Plus qu'une réforme de structure, c'est le processus de prise de décision qu'il faut modifier, plus que la gestion des programmes d'armement. Il faut que le ministre ait le contrôle sur la définition des priorités, et que les décisions sensibles lui remontent au fur et à mesure de la conduite du programme, et pas seulement dans sa phase finale et de développement ; au moment de l'industrialisation, mais aussi tout au long de la vie du programme et de ses adaptations. Cela semble évident, mais j'ai quand même le sentiment que les procédures actuelles doivent être réformées pour bien le garantir.
Tout est lié. Il n'y a pas une phase d'expression des besoins et de conception d'une part, et la phase industrielle d'autre part. Compte tenu de la longueur des programmes, plusieurs décennies, le politique doit avoir la main sur l'ensemble, et pour moi l'agence nous éloignerait encore.
Ce n'était pas en éloignant la DGA du ministre que les choix allaient davantage lui revenir.
Pour toutes ces raisons, j'ai souhaité, après avoir pesé sans a priori les avantages et inconvénients de chaque solution, que la DGA soit rapprochée du ministre et des autres entités du ministère, et qu'elle quitte le fonctionnement d'agence vers lequel elle allait.
Le déroulement des programmes d'armement sera par ailleurs amélioré par la création d'un comité ministériel d'investissement, que je présiderai et qui regroupera les instances existantes, dont la compétence est trop partielle. Ce comité me permettra d'assurer un suivi régulier des opérations majeures, éclairé par l'avis des grands responsables du ministère. Nous renforcerons également la compétence financière et économique de la direction des Affaires financières et de la DGA. Une même équipe de programme intégré suivra le programme tout au long de sa préparation, et au sein de cette équipe, le pilotage sera transféré de l'EMA à la DGA lors d'un franchissement de phase de la phase de la conception à la phase industrielle.
Enfin, les programmes d'armement devront intégrer, au-delà du coût d'acquisition, le coût de possession, mais aussi le coût de destruction. On ne peut pas notamment s'exonérer pour notre budget de prendre en compte le coût du MCO (maintien en conditions opérationnelles).
2. Le Comité ministériel d'investissement (CMI)
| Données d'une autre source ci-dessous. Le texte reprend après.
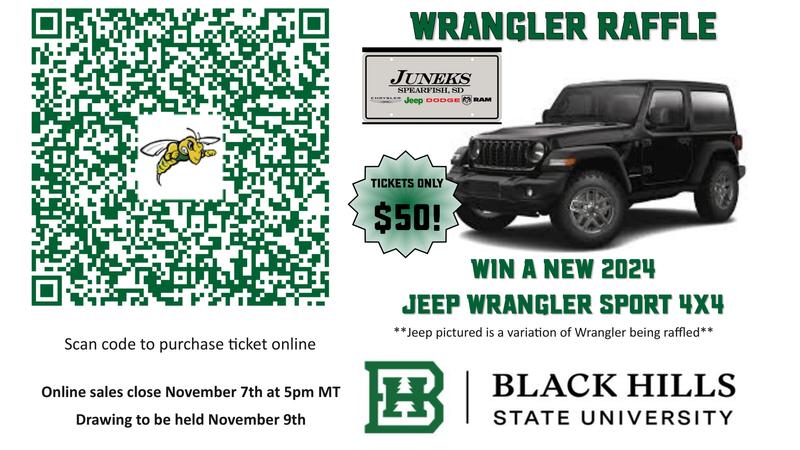 Dev Now Raffle 2024 Jeep Raffle Tickets Now on Sale - Black Hills State University ...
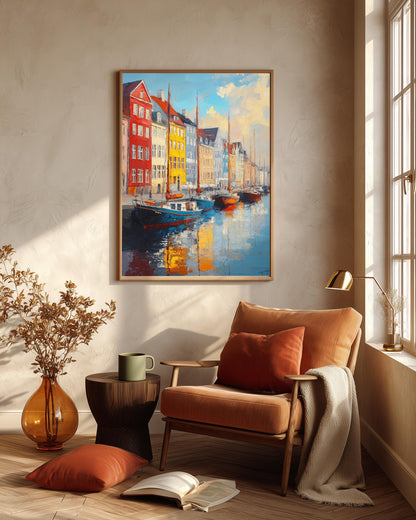 Oil-painting style Danish harbour scene, hand-framed in solid wood and made to order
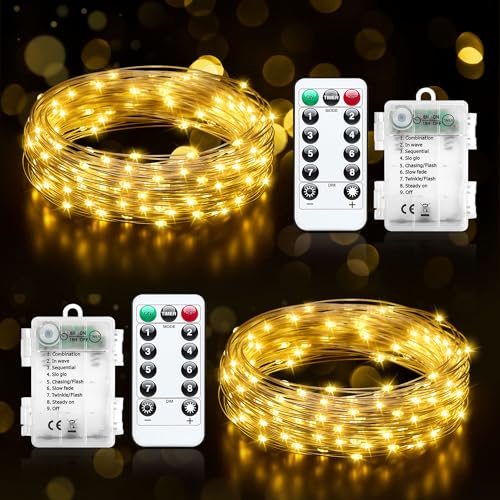 Buudala Lichterkette Batterie, 2x5M 50LED Lichterkette mit...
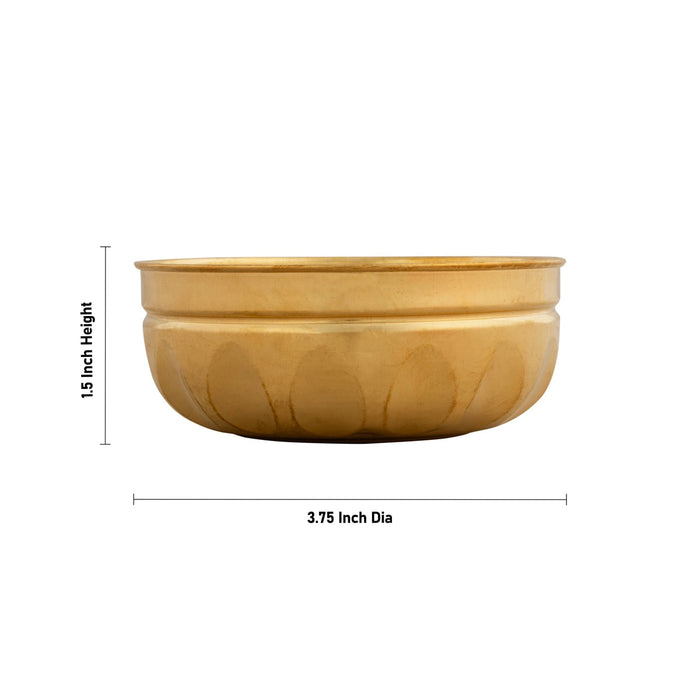 Brass Bowl - 1.5 x 3.75 Inches | Small Bowl/ Brass Cup/ Small Cup/ Pooja Bowl for Home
Je l'ai dit, le vrai sujet, c'est le processus de décision. Il faut s'assurer que les bonnes questions ont été posées. Il n'est pas normal que le coût des programmes augmente au fil du temps parce que les spécifications s'accumulent, sans qu'elles ne soient jamais remises en cause. Il n'est pas normal que la programmation soit faite sur des premières estimations financières exagérément optimistes : quand vient l'heure du devis, on est obligé d'étaler les autres programmes d'armement pour faire face à l'augmentation de la ressource financière nécessaire.
Pour cela, il faut trois choses :
- créer le débat, pour que l'analyse de la valeur ait bien lieu, que les spécifications et leur cohérence soient passées au crible de plusieurs yeux ; comment avoir le meilleur produit pour nos armées, sans oublier sa capacité à être exportable ;
- renforcer l'expertise économique et surtout partager l'information au sein du ministère, pour vérifier la pertinence des estimations autant que la soutenabilité financière d'ensemble. Il y aura donc un renforcement de la DAF.
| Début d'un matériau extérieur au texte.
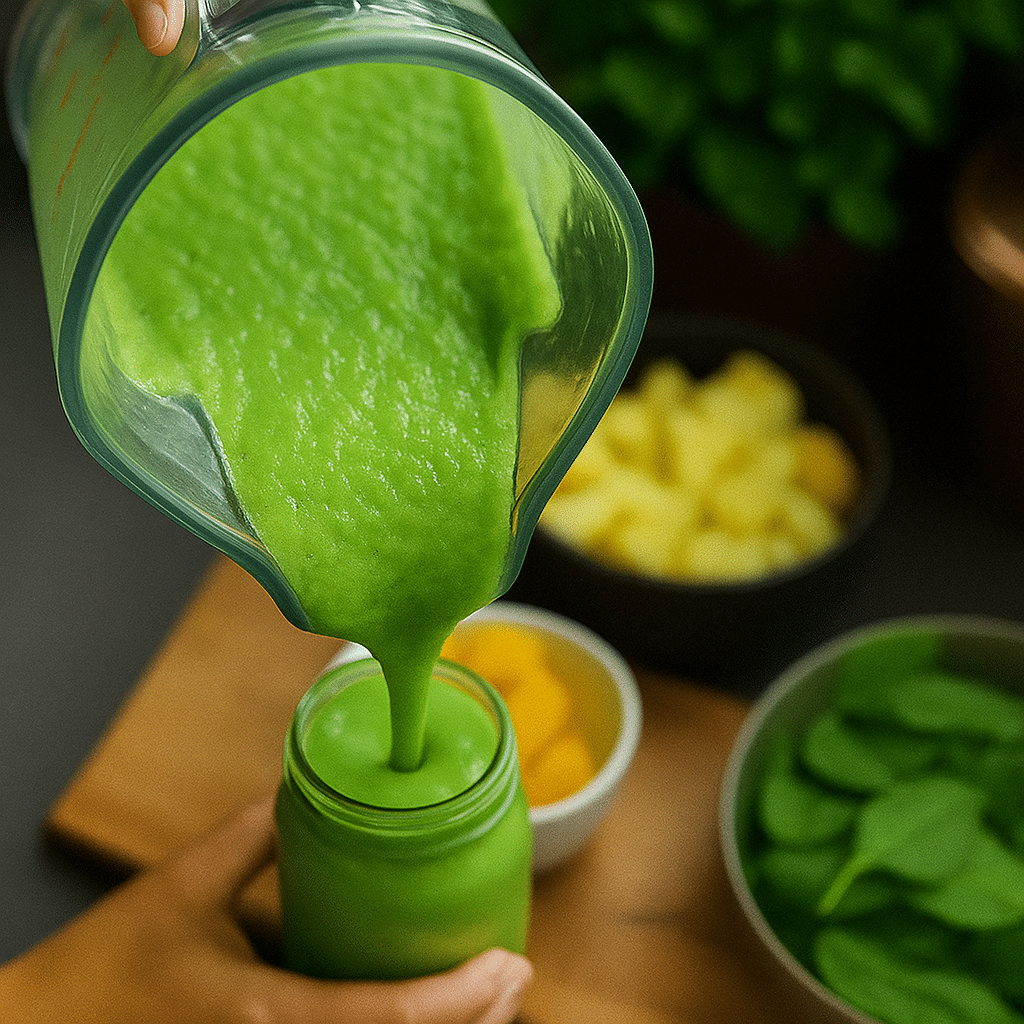 Green Smoothie Recipes to Jumpstart Your Mornings (Delicious & Easy Ideas) 8 green smoothie being blended in blender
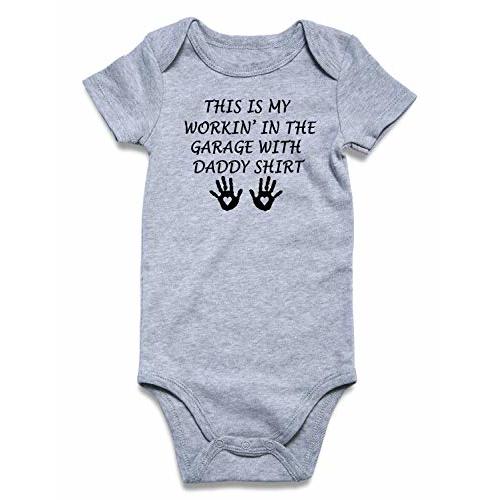 Funnycokid Newborn Boys Girls Jumpsuit This is My Workin in The Garage with Daddy Shirt Rompers Baby Infant Layette Bodysuit 0-3 Months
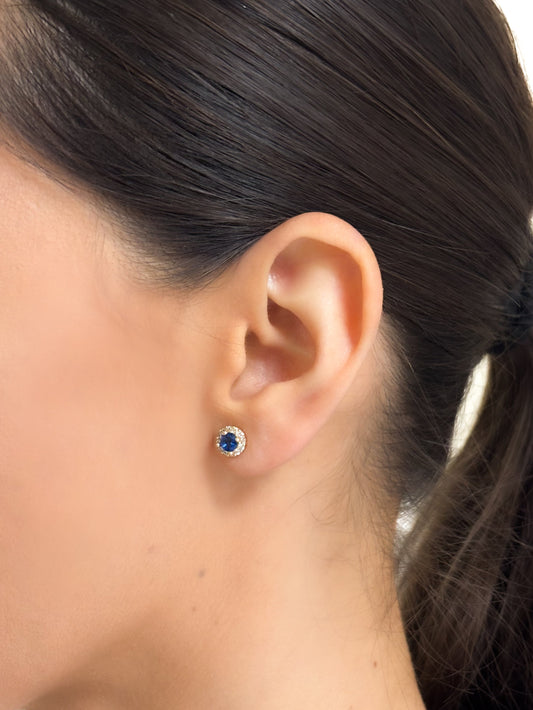 ARETES BROQUEL ZIRCONIAS BAÑO DE ORO PUNTO JOYERIA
- Il faut enfin que le coût du programme dans son lancement intègre le coût d'acquisition, le coût d'utilisation, voire son coût de destruction.
C'est pourquoi j'ai décidé la création d'un comité ministériel d'investissement :
- je le présiderai,
- il se réunira pour les décisions structurantes ou qui font l'objet d'un désaccord entre le CEMA, le DGA ou le SGA (DAF),
- il permettra la clarification des responsabilités de chacun de ces piliers du ministère : le CEMA s'agissant du besoin, le DGA s'agissant de la faisabilité (coûts, délais, performances) et le SGA s'agissant de la soutenabilité financière.
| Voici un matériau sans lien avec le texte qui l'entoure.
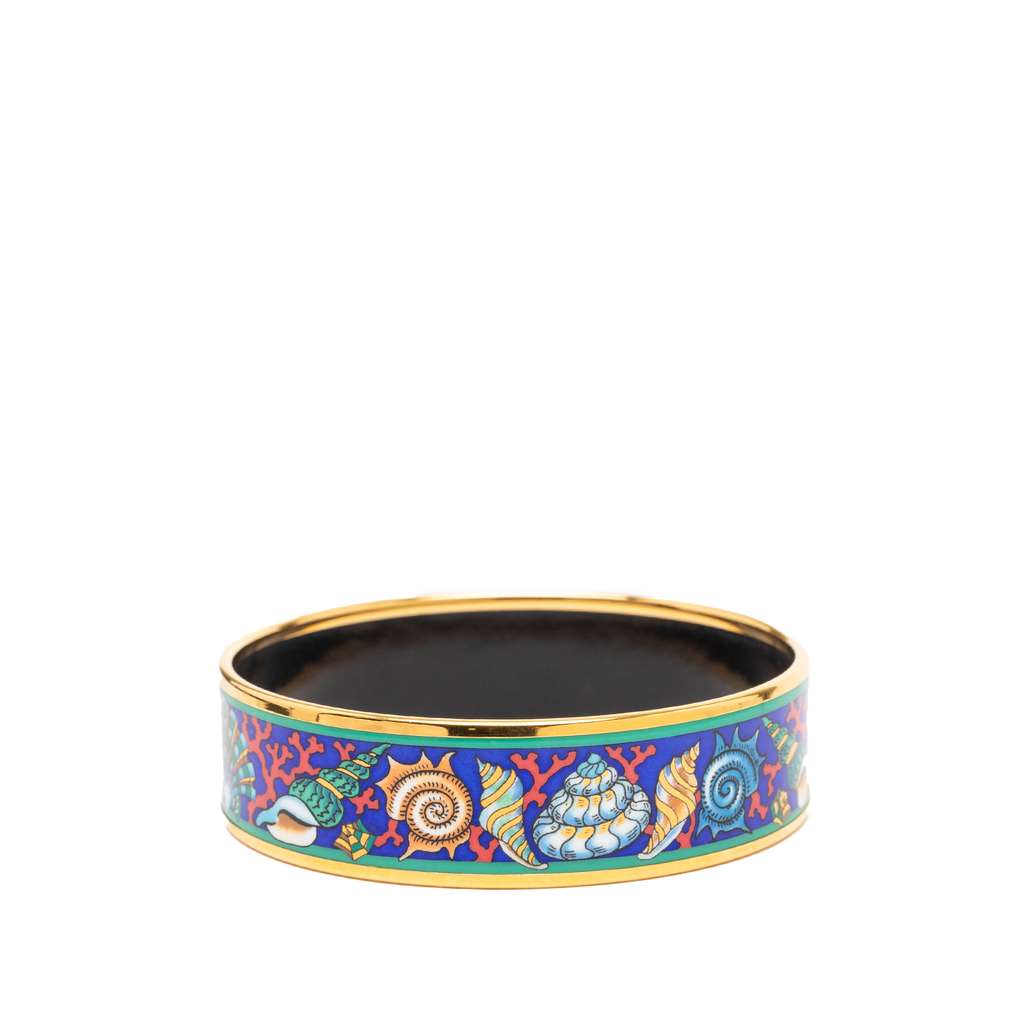 Hermès Wide Seashells Enamel Bangle 70 Blue Good condition - Back View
La mise en place du CMI s'effectuera dans les prochaines semaines.
En outre, pour clarifier encore la responsabilité de chaque acteur, j'ai décidé qu'il y aurait pour chaque décision un responsable bien identifié : l'EMA prendra le pilotage de l'équipe de programme intégrée pour le stade de préparation, la DGA prendra le relais pour le lancement du programme.
3. Balard
L'administration centrale du ministère sera regroupée sur le site de Balard, dans le XVe arrondissement de Paris, dans un immeuble à l'image d'une armée moderne, qui constituera une vitrine architecturale pour Paris, donc pour la France. Ce projet constituera un formidable levier de modernisation pour le ministère, qu'il s'agisse de l'organisation fonctionnelle ou des conditions matérielles mises à disposition de son personnel.
Cette colocalisation permettra également d'intensifier le dialogue entre les grands responsables du ministère, que ce soit entre eux, entre le ministre et chacun d'eux ou tous ensemble. Celle-ci s'entend pour les états-majors d'armée et l'EMA, mais aussi pour le DGA et le SGA autour du ministre. J'ai créé le Comité exécutif, véritable instance de gouvernance du ministère, je viens de parler du CMI : il faut naturellement aussi que le dialogue s'intensifie au niveau des équipes. La DGA sera donc à Balard, pour ce qui est nécessaire pour notre travail commun.
II. Les conséquences industrielles
1. La BITD (Base industrielle et technologique de défense), part intégrante de la posture de défense
L'industrie fait partie intégrante de notre posture de défense. C'est une évidence, tant c'est la conclusion d'une analyse pragmatique de l'histoire passée et des rapports de force actuels entre les pays et entre les économies. C'est l'intérêt de notre défense et c'est l'intérêt de notre pays, car c'est une industrie stratégique.
La position de la France dans le domaine des équipements de défense et de sécurité lui donne une puissance et une capacité politique sans commune mesure avec sa taille. Je veux souligner le caractère unique en Europe du tissu de compétences complexes que la France a développé au fil des ans et des programmes d'armement. Cela nous vaut d'appartenir au petit club des pays capables de concevoir et de produire tous les systèmes d'armes de défense et de sécurité, en allant du fusil au missile nucléaire. Ces pays ne sont pas nombreux, ils sont quatre ; et les trois autres - Etats-Unis, Russie et Chine - sont des géants par rapport à nous.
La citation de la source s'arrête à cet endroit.